● **Extracted records**
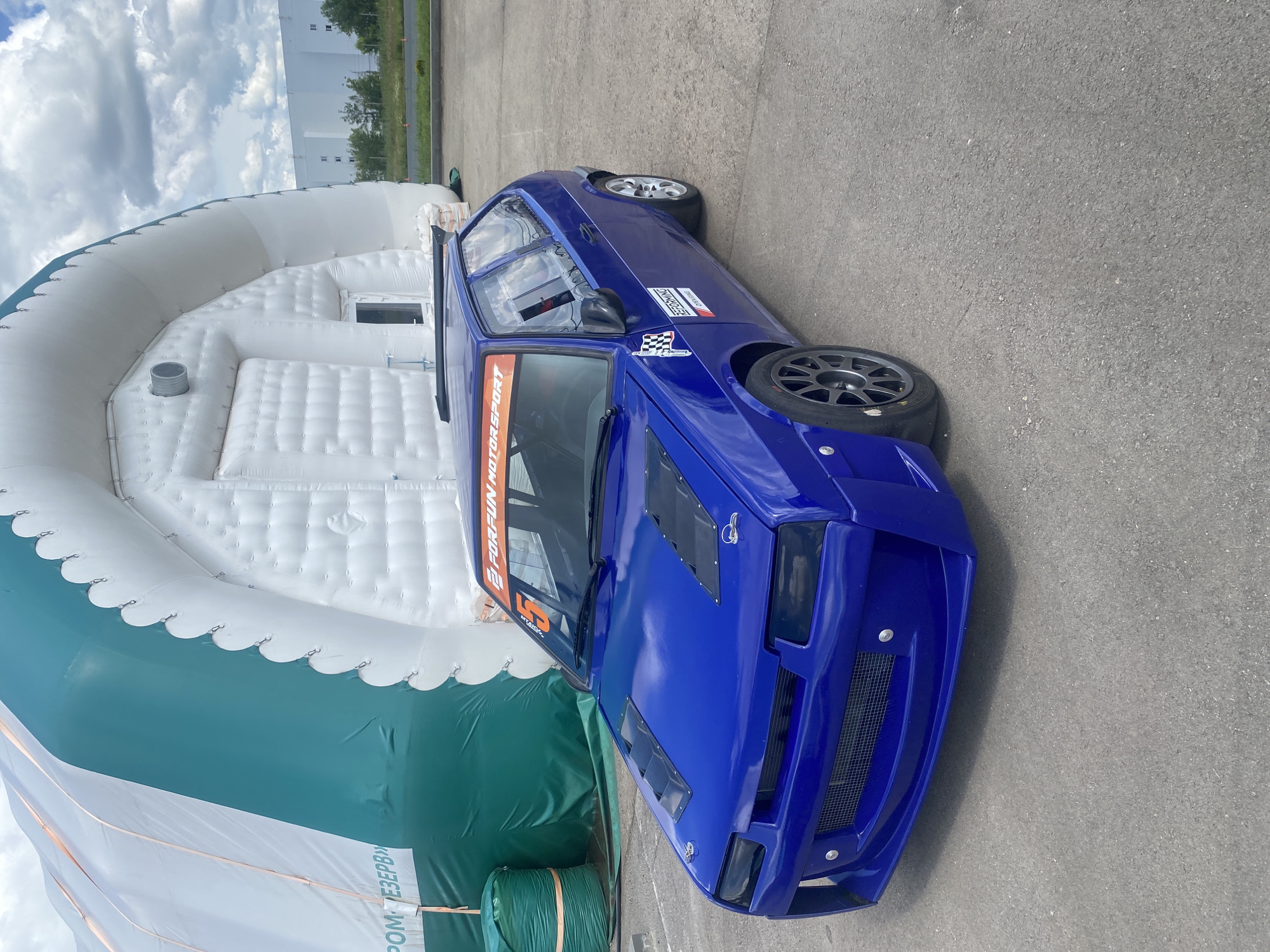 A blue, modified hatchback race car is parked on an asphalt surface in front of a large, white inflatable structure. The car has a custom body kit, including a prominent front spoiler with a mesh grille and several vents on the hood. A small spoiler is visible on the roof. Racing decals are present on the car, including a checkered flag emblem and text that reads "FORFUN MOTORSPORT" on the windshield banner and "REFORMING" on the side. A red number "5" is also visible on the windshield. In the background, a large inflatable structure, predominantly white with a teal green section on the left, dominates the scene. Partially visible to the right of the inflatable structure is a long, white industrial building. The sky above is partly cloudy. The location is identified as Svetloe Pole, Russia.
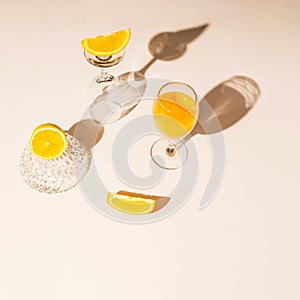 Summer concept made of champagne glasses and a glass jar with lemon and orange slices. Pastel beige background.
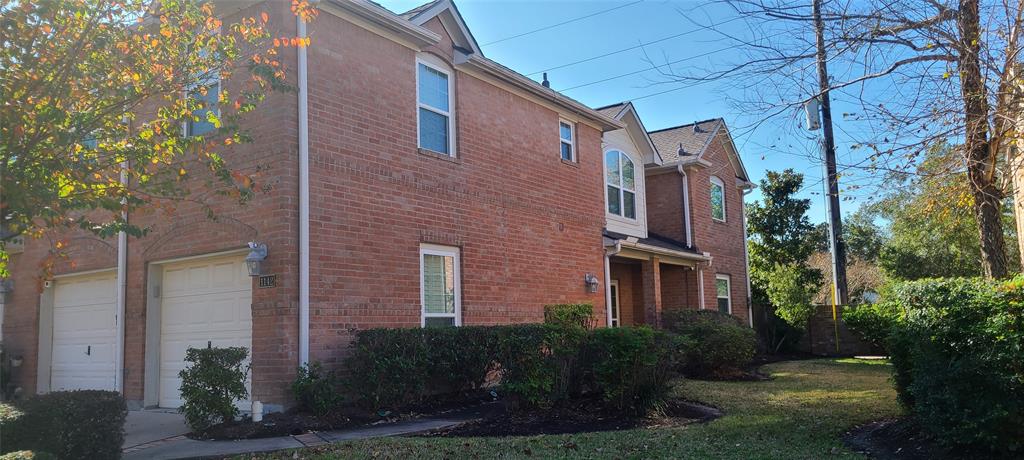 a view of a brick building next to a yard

* * *

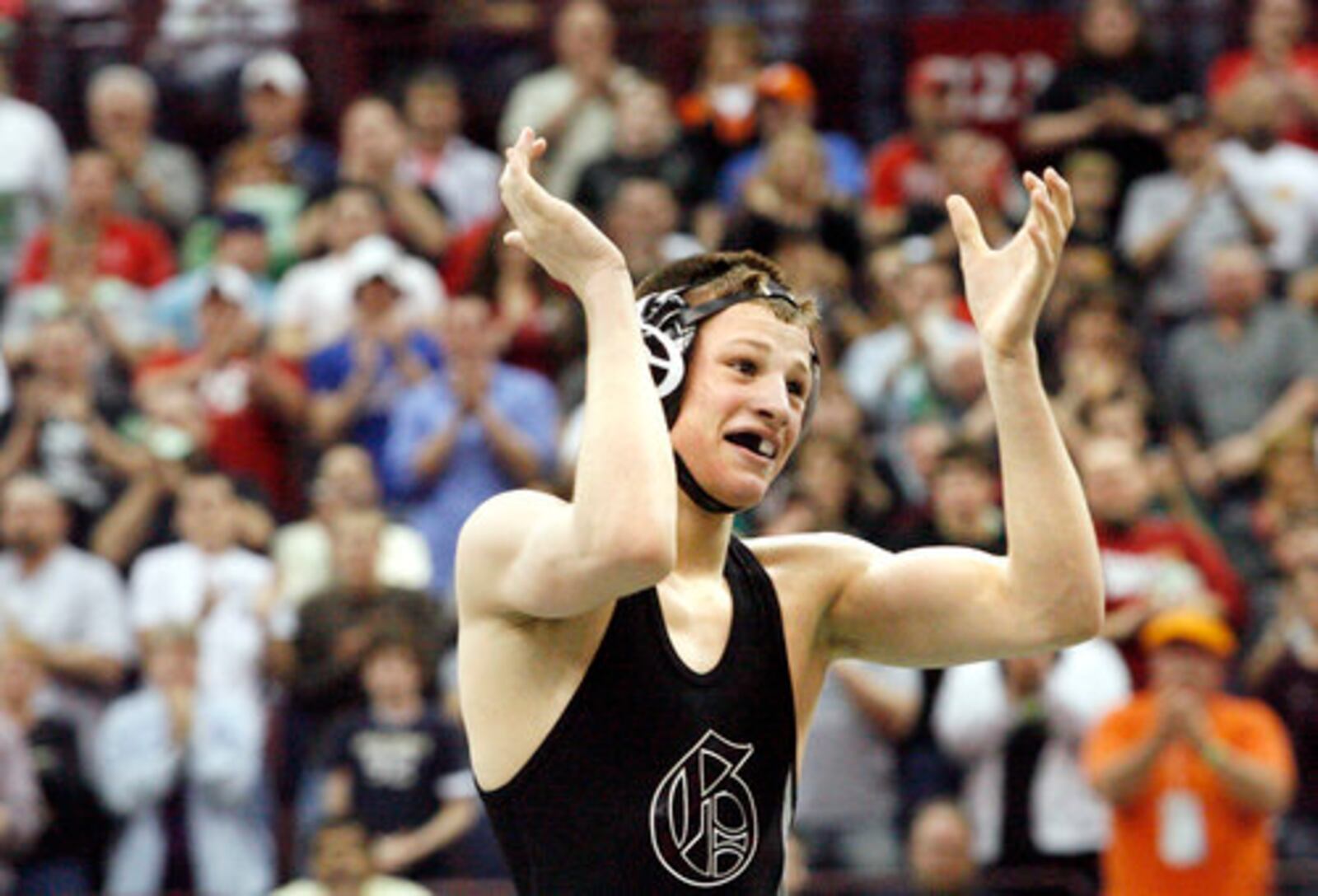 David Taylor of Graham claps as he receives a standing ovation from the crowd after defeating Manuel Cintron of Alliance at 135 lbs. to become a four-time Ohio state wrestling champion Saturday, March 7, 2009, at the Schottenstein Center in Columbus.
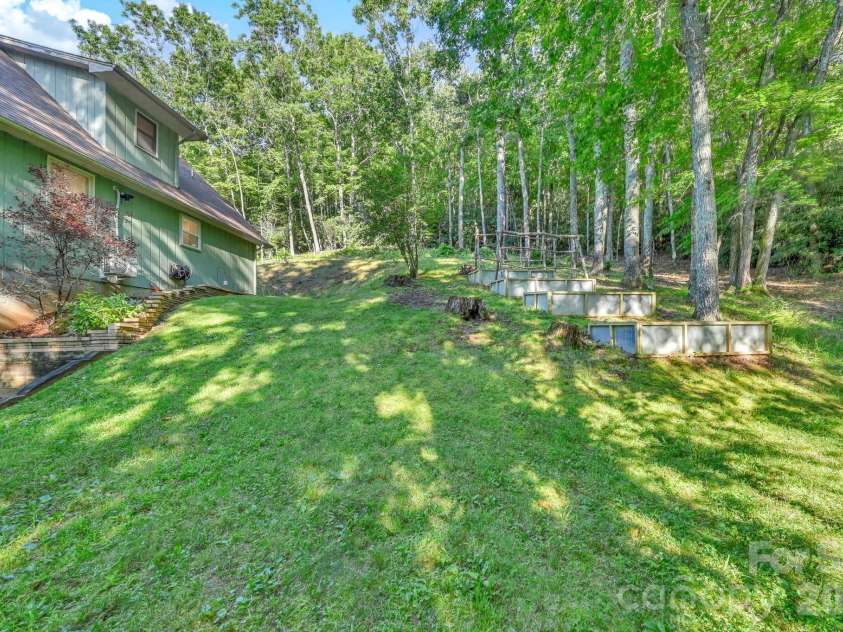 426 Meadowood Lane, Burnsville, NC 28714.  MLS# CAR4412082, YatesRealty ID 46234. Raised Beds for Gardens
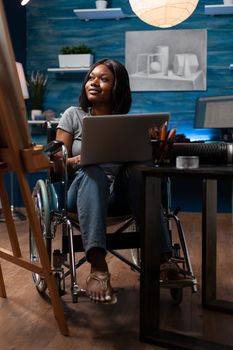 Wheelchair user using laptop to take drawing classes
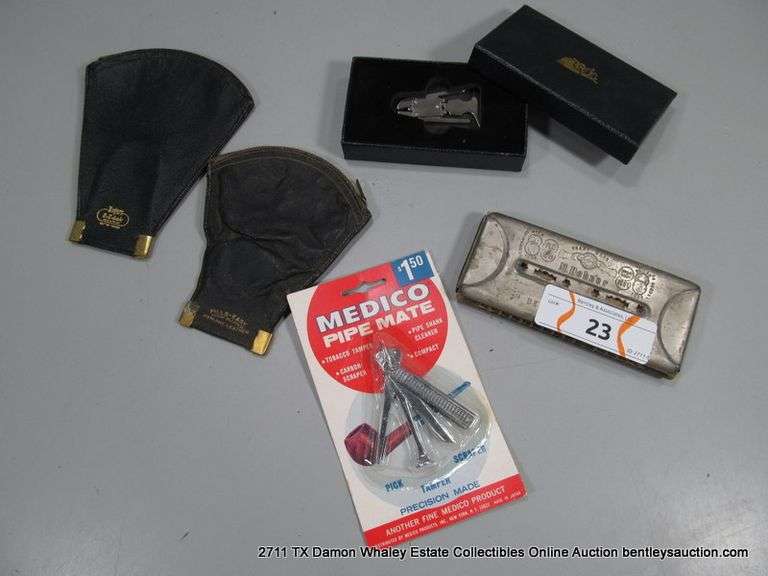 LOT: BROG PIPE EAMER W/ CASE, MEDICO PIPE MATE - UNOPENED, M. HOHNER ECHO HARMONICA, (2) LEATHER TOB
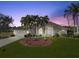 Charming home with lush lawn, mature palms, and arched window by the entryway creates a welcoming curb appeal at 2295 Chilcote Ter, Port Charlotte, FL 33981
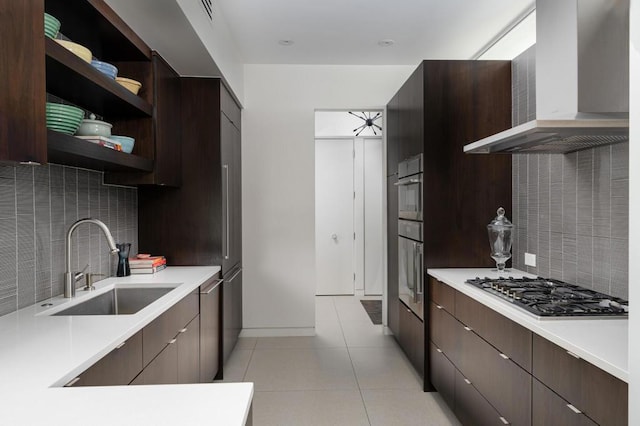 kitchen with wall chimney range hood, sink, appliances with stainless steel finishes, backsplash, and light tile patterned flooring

* * *

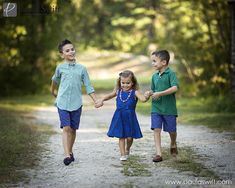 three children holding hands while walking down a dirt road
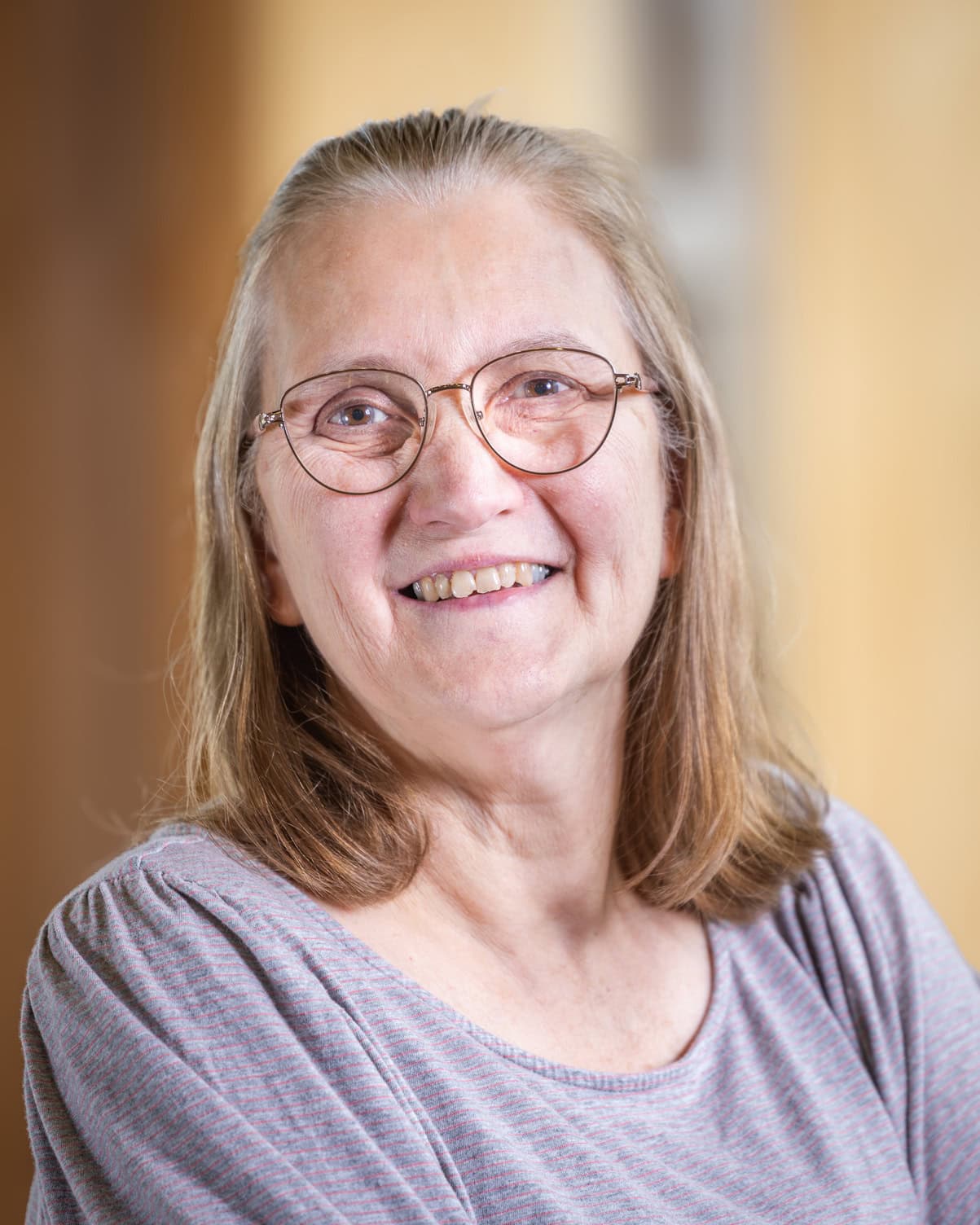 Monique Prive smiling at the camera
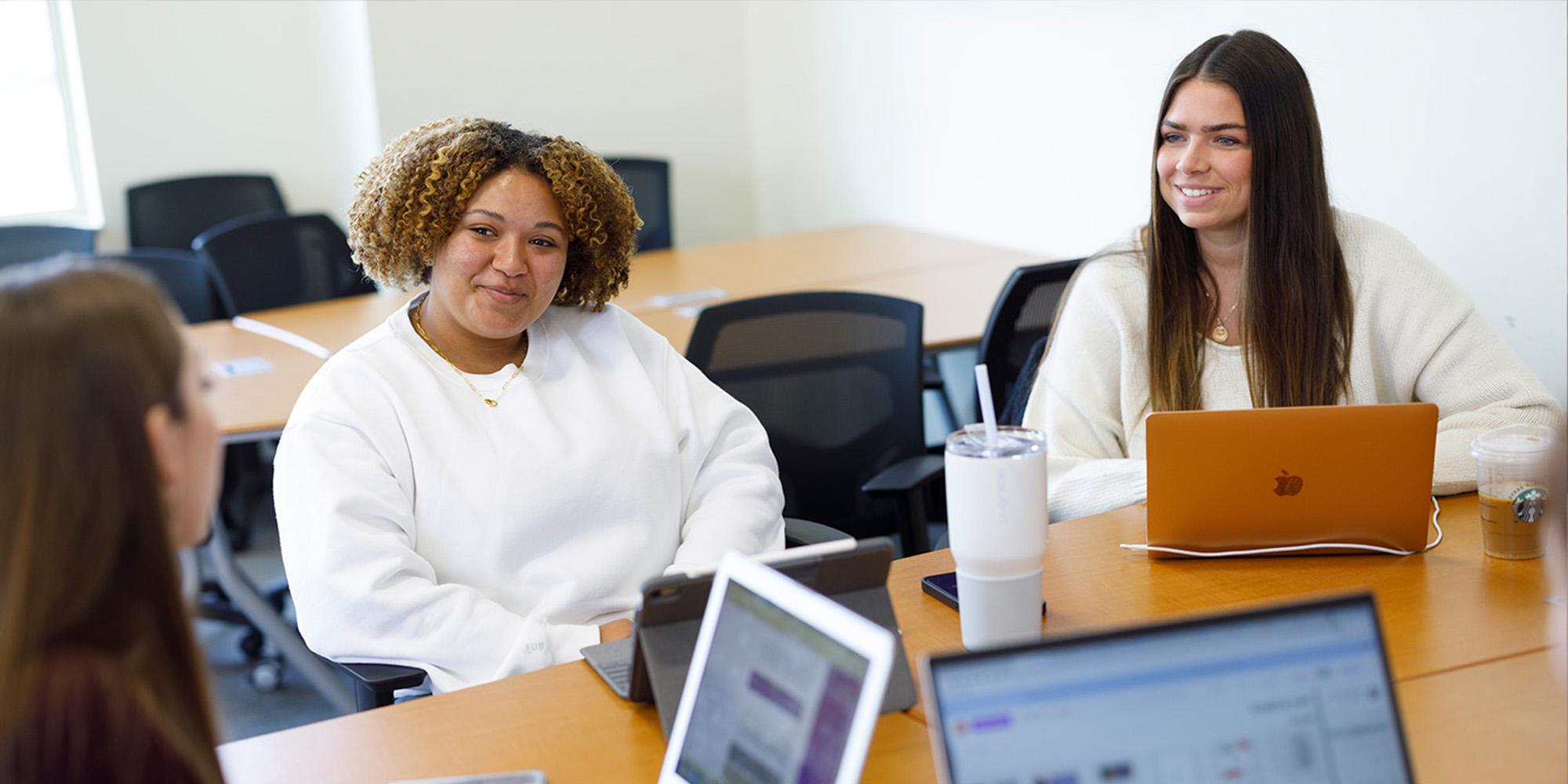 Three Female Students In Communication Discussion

● **Work to be completed**
Would you output the lines above from the line holding "A blue, modified" up to and including the line holding "a view of a brick building next to a yard", exactly and only those, with no pictures?

● **Result of this exercise**
 A blue, modified hatchback race car is parked on an asphalt surface in front of a large, white inflatable structure. The car has a custom body kit, including a prominent front spoiler with a mesh grille and several vents on the hood. A small spoiler is visible on the roof. Racing decals are present on the car, including a checkered flag emblem and text that reads "FORFUN MOTORSPORT" on the windshield banner and "REFORMING" on the side. A red number "5" is also visible on the windshield. In the background, a large inflatable structure, predominantly white with a teal green section on the left, dominates the scene. Partially visible to the right of the inflatable structure is a long, white industrial building. The sky above is partly cloudy. The location is identified as Svetloe Pole, Russia.
 Summer concept made of champagne glasses and a glass jar with lemon and orange slices. Pastel beige background.
 a view of a brick building next to a yard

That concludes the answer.